DATA RECORDS:
++++++
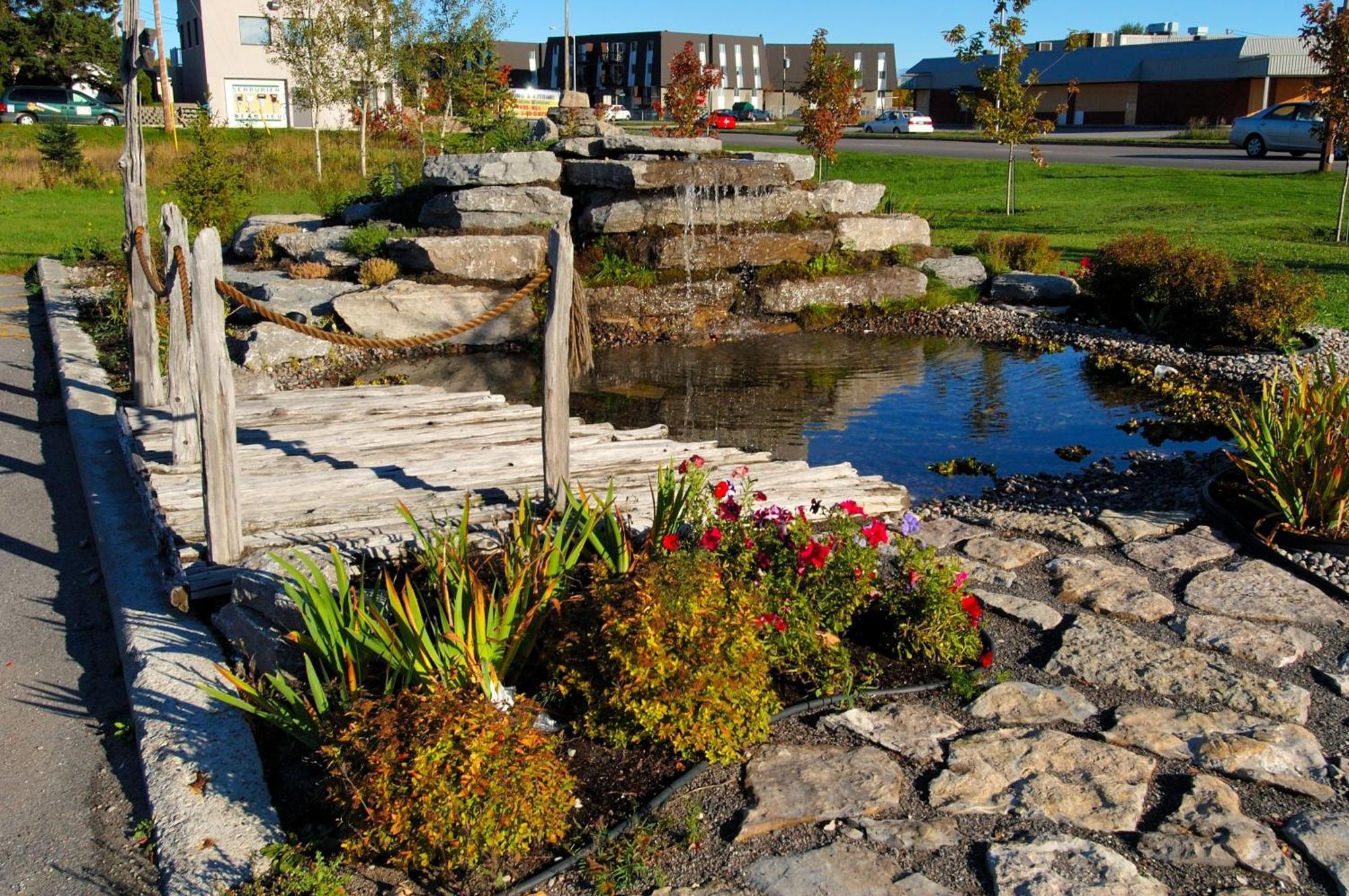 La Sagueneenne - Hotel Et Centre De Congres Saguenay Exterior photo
++++++
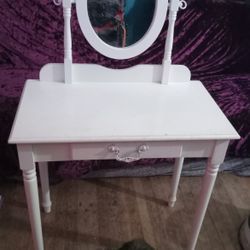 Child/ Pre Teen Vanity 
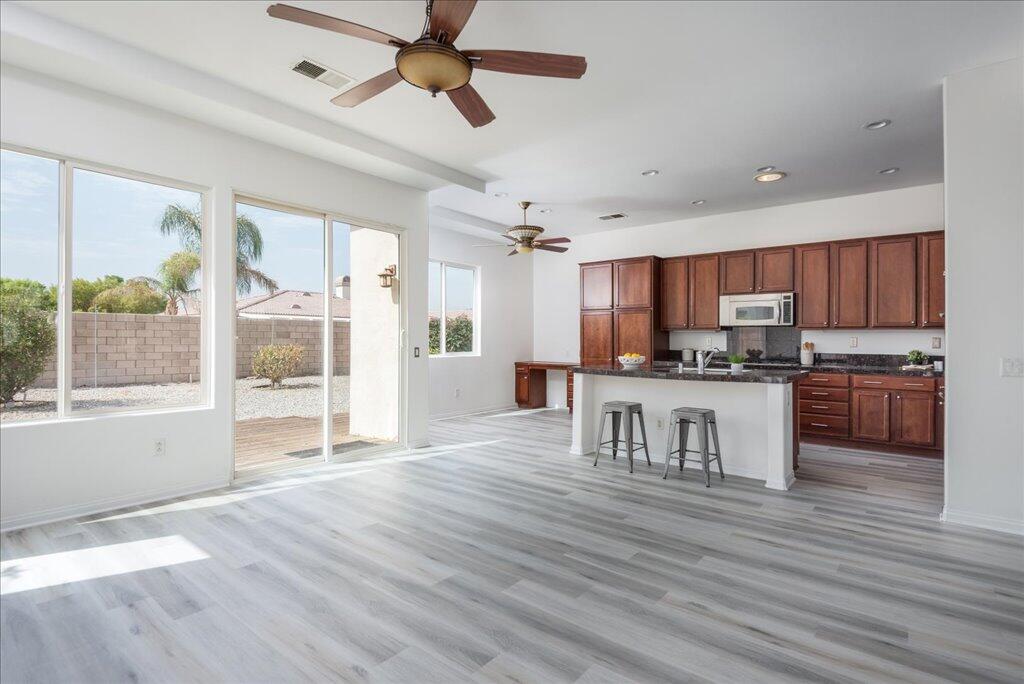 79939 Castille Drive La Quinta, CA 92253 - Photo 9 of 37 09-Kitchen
++++++
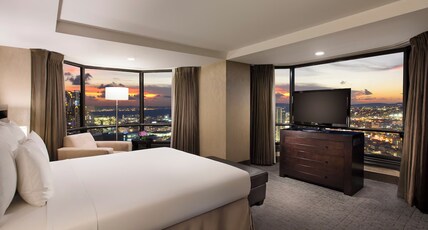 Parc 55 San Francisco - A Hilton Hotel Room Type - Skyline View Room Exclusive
++++++
YOUR INSTRUCTIONS: Pictures excluded, transcribe the listing above exactly from the line with "Child/ Pre Teen Vanity" through the line with "79939 Castille Drive", and no further.

TASK ANSWER:
 Child/ Pre Teen Vanity 
 79939 Castille Drive La Quinta, CA 92253 - Photo 9 of 37 09-Kitchen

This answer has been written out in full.